CHIANG MAI — Against a background of terror, conflicts and violence worldwide, during times when consumerism and materialism have been elevated as never before on pedestals surrounded by a divine aura, a small group of modest but dedicated Thai scholars, monks and nuns have worked quietly and efficiently the past three years, seeking solace in the wisdom of Buddha — precisely by resurrecting his genuine words, ideas and teachings.

The basic goal has been to produce, for the first time, a complete romanized Pali Tipitaka: the full Buddhist canon in roman characters.

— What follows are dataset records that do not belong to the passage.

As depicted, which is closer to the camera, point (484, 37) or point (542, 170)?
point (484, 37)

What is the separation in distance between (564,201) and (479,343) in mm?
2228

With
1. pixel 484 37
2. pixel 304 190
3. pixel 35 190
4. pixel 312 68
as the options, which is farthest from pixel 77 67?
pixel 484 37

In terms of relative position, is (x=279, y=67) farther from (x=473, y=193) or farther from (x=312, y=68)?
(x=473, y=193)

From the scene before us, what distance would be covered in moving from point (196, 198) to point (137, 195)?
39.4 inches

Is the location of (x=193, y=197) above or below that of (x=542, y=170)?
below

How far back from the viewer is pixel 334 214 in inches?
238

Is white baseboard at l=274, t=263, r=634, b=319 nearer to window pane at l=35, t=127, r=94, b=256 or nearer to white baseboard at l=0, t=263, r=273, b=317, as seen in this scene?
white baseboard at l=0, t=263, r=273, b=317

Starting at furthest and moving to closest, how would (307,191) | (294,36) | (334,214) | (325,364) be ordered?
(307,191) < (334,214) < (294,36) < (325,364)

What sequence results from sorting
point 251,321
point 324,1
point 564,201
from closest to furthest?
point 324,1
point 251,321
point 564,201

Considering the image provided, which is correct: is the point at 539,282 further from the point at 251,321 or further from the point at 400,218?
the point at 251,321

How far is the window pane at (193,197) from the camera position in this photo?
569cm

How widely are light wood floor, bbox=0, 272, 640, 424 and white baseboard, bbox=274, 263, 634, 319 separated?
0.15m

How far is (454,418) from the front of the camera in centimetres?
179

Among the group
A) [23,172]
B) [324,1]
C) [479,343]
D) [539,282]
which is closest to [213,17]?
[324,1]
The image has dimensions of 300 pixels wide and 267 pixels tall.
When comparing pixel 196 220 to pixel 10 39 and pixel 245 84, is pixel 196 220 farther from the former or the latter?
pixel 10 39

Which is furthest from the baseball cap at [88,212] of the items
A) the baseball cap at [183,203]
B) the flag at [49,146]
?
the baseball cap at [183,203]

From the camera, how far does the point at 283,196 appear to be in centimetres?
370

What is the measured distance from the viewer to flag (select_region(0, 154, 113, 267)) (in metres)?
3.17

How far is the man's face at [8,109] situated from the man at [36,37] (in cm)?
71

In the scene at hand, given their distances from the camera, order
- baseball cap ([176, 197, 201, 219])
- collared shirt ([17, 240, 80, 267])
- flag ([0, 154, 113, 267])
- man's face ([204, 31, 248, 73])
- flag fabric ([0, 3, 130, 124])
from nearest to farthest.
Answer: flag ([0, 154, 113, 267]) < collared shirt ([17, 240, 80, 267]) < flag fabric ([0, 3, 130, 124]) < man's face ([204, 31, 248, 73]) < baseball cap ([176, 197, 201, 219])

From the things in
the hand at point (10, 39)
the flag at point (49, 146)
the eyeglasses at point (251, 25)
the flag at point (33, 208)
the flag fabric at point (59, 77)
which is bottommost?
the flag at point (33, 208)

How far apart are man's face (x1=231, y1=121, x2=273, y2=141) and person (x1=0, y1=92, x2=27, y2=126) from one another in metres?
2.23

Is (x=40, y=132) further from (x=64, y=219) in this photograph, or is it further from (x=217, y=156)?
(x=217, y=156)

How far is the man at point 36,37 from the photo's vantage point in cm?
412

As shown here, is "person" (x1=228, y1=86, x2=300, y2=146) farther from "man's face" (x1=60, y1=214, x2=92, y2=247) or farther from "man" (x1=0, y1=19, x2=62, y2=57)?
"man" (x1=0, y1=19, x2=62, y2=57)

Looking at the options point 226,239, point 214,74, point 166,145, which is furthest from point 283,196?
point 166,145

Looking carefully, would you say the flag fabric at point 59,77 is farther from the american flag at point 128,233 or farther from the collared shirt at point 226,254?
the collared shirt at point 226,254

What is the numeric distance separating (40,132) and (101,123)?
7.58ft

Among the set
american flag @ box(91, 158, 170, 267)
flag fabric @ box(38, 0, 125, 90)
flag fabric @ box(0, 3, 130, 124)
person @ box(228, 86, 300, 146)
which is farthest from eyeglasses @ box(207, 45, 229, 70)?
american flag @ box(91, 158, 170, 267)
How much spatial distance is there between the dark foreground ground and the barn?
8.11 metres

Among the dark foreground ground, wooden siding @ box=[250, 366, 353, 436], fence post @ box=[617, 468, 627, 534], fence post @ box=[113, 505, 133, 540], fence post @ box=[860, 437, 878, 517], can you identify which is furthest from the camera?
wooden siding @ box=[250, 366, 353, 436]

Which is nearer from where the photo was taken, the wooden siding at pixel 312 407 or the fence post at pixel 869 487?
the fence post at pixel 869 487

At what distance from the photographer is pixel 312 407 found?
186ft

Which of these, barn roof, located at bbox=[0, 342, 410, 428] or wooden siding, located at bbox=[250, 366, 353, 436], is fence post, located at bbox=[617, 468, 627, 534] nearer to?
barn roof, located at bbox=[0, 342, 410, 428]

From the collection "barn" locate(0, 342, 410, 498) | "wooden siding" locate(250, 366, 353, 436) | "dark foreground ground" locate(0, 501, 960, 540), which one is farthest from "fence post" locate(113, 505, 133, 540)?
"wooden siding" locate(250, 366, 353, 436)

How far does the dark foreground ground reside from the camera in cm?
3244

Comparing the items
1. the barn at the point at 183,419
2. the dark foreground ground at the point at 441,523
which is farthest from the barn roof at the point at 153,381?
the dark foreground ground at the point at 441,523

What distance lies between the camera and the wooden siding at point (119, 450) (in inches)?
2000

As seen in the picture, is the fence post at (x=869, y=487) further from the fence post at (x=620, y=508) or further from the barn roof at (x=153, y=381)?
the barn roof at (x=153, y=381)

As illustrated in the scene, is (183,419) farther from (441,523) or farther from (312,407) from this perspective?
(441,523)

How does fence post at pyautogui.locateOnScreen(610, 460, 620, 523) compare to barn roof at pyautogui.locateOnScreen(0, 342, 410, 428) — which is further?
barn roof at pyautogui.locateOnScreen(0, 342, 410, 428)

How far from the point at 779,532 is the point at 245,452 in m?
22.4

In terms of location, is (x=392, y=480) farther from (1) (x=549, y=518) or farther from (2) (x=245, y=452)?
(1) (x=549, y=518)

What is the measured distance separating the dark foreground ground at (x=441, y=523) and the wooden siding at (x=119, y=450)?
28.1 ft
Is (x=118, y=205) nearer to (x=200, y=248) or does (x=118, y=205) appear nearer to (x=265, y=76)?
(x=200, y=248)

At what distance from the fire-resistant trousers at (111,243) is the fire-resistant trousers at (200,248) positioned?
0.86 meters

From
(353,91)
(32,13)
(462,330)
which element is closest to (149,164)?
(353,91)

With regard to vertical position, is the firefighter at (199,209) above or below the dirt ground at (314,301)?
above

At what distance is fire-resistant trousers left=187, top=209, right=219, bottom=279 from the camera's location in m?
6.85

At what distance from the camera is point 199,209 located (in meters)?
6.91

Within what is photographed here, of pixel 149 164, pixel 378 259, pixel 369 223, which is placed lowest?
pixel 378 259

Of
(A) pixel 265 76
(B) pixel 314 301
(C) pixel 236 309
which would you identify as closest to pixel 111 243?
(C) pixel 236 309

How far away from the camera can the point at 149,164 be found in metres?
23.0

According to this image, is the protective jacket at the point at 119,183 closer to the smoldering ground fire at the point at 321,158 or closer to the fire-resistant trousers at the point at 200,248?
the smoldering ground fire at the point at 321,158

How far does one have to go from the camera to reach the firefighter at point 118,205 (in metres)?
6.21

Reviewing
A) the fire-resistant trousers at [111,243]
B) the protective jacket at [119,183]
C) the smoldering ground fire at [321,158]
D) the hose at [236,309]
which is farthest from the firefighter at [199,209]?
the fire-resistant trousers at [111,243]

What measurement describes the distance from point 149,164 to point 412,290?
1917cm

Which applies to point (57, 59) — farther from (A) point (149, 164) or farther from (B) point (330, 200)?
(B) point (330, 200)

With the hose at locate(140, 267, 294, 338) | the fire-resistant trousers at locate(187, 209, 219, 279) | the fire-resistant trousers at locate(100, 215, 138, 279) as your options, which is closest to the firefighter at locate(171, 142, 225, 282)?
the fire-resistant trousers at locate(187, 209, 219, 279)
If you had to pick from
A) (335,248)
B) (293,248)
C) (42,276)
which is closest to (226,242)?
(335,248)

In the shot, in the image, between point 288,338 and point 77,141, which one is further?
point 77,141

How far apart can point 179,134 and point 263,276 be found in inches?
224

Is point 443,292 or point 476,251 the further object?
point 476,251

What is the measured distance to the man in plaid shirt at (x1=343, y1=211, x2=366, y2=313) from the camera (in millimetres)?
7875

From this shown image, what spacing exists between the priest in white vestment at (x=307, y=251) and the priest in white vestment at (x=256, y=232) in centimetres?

To achieve this, the Dhamma Society Fund was established in Bangkok under the patronage of the supreme patriarch of Thailand. A group of Thai Buddhist scholars and Pali specialists went through very elaborate sessions, studying and comparing all previous sources — in particular, the international Buddhist Council (or “rehearsal” in Buddhist terminology) held in Burma in 1956 — reciting and correcting variants, restoring missing passages and evaluating various accompanying commentaries.

Significantly, the scholars have also drawn from the tremendous support of an equally dedicated group of young and bright engineers and computer specialists from Chulalongkorn University in Bangkok. They added a modern, “electronic” dimension to an academic exercise arising from a unique spiritual stream manifested some 2,500 years ago!

Now that 40 volumes of this monumental work have been magnificently printed, the people of the Dhamma Society Fund can be rightly credited for having produced the most complete Tipitaka edition ever to appear, the closest reproduction of the approved text of the Great Council of 1956, a treasure-trove of cross references related to previous editions and a foundation for future attempts at translating the whole text in every foreign language, using the solidly verified present text in Roman characters.

In addition, they and the Fund’s many donors in Thailand may also be proud of establishing, at Chulalongkorn University, the world’s most elaborate center for Tipitaka studies, with the most complete collection of the Pali canon’s editions not only in Thailand but internationally.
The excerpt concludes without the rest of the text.